I have posted below a story about Israelis wondering what the current and future unrest in Syria will mean for them.

Here is a bit that amazed and enraged me:

“On the bilateral front, it makes no difference who will be in power in Syria,” said Alon Liel, a former director general of Israel’s Foreign Ministry who heads a group advocating Israeli-Syrian peace. “No possible successor to Assad will give the Golan to Israel as a gift.”

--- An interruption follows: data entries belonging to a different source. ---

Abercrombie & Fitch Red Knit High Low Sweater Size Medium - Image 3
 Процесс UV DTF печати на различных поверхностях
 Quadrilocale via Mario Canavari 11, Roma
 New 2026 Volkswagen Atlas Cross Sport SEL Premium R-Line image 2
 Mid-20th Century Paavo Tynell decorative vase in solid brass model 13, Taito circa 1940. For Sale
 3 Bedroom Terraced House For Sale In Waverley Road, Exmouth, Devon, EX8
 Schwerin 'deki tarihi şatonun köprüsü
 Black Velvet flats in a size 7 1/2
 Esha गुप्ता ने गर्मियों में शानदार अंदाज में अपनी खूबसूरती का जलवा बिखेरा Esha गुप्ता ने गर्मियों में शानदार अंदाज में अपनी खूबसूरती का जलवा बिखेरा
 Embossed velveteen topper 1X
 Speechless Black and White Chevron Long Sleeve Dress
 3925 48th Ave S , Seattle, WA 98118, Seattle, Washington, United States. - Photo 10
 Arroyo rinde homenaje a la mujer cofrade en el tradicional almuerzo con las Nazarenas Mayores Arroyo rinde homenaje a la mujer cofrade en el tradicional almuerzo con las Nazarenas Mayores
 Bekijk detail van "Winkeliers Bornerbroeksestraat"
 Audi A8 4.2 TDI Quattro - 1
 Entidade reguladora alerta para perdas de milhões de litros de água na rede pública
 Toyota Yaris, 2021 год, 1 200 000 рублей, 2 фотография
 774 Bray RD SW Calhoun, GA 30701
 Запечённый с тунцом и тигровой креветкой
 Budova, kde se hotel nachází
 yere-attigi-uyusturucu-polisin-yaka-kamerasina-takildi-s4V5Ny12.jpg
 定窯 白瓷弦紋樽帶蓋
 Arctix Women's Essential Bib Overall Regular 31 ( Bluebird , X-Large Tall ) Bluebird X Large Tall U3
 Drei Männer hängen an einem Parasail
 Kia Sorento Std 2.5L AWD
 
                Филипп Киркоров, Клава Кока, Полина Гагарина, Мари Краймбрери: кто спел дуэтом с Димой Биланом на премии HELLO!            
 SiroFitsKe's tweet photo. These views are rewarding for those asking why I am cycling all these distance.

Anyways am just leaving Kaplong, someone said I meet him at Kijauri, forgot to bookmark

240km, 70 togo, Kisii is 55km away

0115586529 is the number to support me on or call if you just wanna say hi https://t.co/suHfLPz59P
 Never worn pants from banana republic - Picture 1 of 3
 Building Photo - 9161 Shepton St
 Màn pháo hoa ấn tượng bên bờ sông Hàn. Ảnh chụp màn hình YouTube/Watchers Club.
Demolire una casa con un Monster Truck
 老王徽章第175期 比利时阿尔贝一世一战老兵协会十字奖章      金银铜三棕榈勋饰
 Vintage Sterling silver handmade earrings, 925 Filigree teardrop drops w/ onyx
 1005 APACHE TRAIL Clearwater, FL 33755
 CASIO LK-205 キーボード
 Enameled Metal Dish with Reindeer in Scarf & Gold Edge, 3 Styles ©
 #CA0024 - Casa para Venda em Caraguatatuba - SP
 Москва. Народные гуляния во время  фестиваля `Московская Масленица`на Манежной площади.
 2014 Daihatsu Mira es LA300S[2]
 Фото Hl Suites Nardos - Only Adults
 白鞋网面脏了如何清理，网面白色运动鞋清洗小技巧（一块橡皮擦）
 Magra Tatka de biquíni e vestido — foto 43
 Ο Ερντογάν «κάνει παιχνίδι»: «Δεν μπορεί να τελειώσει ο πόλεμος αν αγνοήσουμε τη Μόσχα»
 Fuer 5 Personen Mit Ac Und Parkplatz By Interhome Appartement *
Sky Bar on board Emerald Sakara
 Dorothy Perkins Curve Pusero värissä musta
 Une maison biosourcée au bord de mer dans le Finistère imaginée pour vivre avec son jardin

Here is my comment on the comment by Alon Liel, "who heads a group advocating Israeli-Syrian peace" [which ought to be described as not "peace" but  a "peace treaty" which, in turn, is not a true "peace treaty" between parties both of which respect the notion of Pacta Sunt Servanda, but in the case of overwhelmingly Muslim Syria can ony be regarded as a "hudna" or truce treaty]:

This is a bizarre way of describing the situation. How can Syria "make a gift' of territory it no longer possesses? And what is the true history of the Golan? When the Mandate for Palestine was being created, it was the original intention of its creators, the League of Nations and, especially, the Mandates Commission under Professor Rappard, to assign the Golan Heights to the Mandate for Palestine. The Six Day-War began, actually, in mid-May, when Gamal Abdel Nasser demanded that the U.N. peacekeeping troops in the Sinai be removed by U Thant, so that the Egyptians could move their troops up to the border with Israel, and invade. Nasser also said he would be blocking the Straits of Tiran, thus throttling Israel's trade lifeline to Asia. He told hysterical Cairene crowds that soon Israel would be destroyed, and they could all look forward to that day. Syria, instead of standing back, decided to join Egypt in its planned aggression. When Israel won, by force of arms, the Golan Heights, it was winning territory to which it had not only a claim based on the original Mandate plans, but much more importantly, it had a claim based on customary international law to retain territory from which another party had made constant war upon it. And the constant shelling, or threat of shelling, by the Syrians, on the Jewish villages lying far below the Golan Heights, over many years, certainly met the criteria for such long aggression. But here is an Israeli talking about how no regime in Syria is going to "make a gift" of the Golan. Does that phrase come near to adequately stating the case? Or does it show a strange inability to make the case for Israel, and a willingness, perhaps prompted by a defeatism born of mental laziness, to make the case for a country that, as long as it remains overwhelmingly Arab and Muslim, will be a permanent enemy, rude, savage, not to trust, no matter what smiles and wiles and guiles are temporarily employed to inveigle Israel into giving up the Golan.